File searching is really slow, how do I speed it up?

  • Thread starter Thread starter janderson
  • Start date Start date
J

janderson

Hi gang,

I have a win32 C# app that needs to recursively search for a particular
file type really fast. It always searches the same place for these files.

I'm using Directory.GetDirectories and Directory.GetFiles to do it
currently. Because I know the location is the same every time I build a
cache of all the files and directories. If a directory changes I update
its contents on startup of the app.

Unfortunately when I do a last-date-of-modification check on a directory
it only reports on changes of files that are directly under it. So I
have to check every single directly rather then simply checking the
parent directory.

While I get a significant improvement when none of the directories
change (its much faster to load a file with all the entries in it then
to do a directory search). In particular the first time the app loads
up and has to search every file (around 100,000 and growing) which is
painfully slow (2 or 3 minutes to start up the app).

What techniques/APIs can I use to speed up file searching?

Is there a way to more directly look at the raw data that make up the
file-tables?

Cheers
 
[...]
What techniques/APIs can I use to speed up file searching?

Well, one thing that comes to mind is that perhaps there is an API, .NET
or native Windows, that has access to the Windows index-based searching.
I don't know whether there is or not, but it's worth considering.
Is there a way to more directly look at the raw data that make up the
file-tables?

Surely there is, but I'm sure you can't do it via .NET directly, nor am I
at all convinced it would significantly speed up your search, since I
suspect that Windows is already pulling the "raw data" off the disk about
as fast as is possible, and feeding it to you with relatively little
overhead.

Beyond that, I have to question a design that requires the search of
100,000 files or more during startup. At the very least, if you feel
that's necessary, I think you'll simply have to take the performance hit.
That's a *lot* of files, and a lot of i/o. I/o is slow, and highly
dependent on the device. The best way to speed up your design is to
change it so that you don't have to look at every file in every directory
in the first place.

How you might do that, I don't know. I don't know why you have to search
for this particular file on startup, so I can't suggest ways you could fix
the design so that's not required.

On that point, keep in mind that with such a lengthy search, you really
have no guarantee when the search is over that you have accurate results.
For example, once you've checked a directory, it could be that the file
gets created after that, while you're checking the rest of the
directories. Or maybe you detect a file that gets removed before your
search is done.

Again, since I don't know exactly how the file gets created or deleted, or
why it is you want to look for it at startup, I can't really comment on
the exact nuances of searching for it. But the above issues would apply
in the general case, at least.

If in the end you decide you don't want to change the design, you may want
to consider including some sort of auxiliary background process that
essentially indexes the interesting directories, and can tell your main
process immediately upon startup whether the file you're interested in
exists. That would be sort of like using the built-in Windows indexing,
but wouldn't require that you figure out how to get at it (assuming it's
possible at all).

Pete
 
Peter said:
[...]
What techniques/APIs can I use to speed up file searching?
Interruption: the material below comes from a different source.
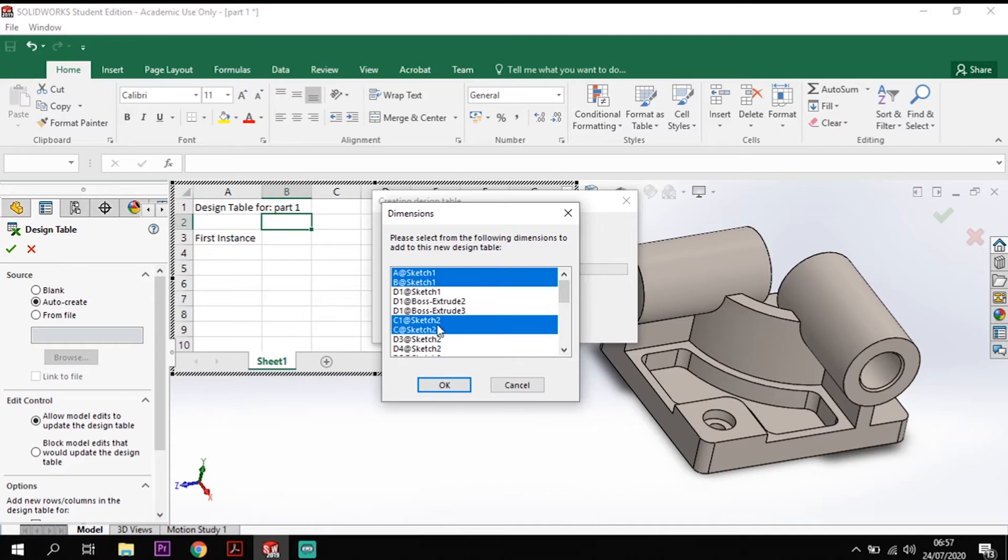Now as long as you are holding down control it will let you select multiple. If you don't hold down control it won't select multiple ones. So I'm just going to pick them first four to get started.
Well, one thing that comes to mind is that perhaps there is an API, .NET
or native Windows, that has access to the Windows index-based
searching. I don't know whether there is or not, but it's worth
considering.
Is there a way to more directly look at the raw data that make up the
file-tables?

Surely there is, but I'm sure you can't do it via .NET directly, nor am

If its indirect, I'm fine with that.
I at all convinced it would significantly speed up your search, since I
suspect that Windows is already pulling the "raw data" off the disk
about as fast as is possible, and feeding it to you with relatively
little overhead.

Maybe, however I think net may be pulling in things a simply don't need.
Beyond that, I have to question a design that requires the search of
100,000 files or more during startup. At the very least, if you feel
that's necessary, I think you'll simply have to take the performance
hit. That's a *lot* of files, and a lot of i/o. I/o is slow, and
highly dependent on the device. The best way to speed up your design is
to change it so that you don't have to look at every file in every
directory in the first place.

It shouldn't be that slow. I know the file-system is all over the place
but the amount of data for 100,000 is only about 2mbs worth of
filenames. But maybe windows is doing a good job of the search and its
just how the table is layed out.
How you might do that, I don't know. I don't know why you have to
search for this particular file on startup, so I can't suggest ways you
could fix the design so that's not required.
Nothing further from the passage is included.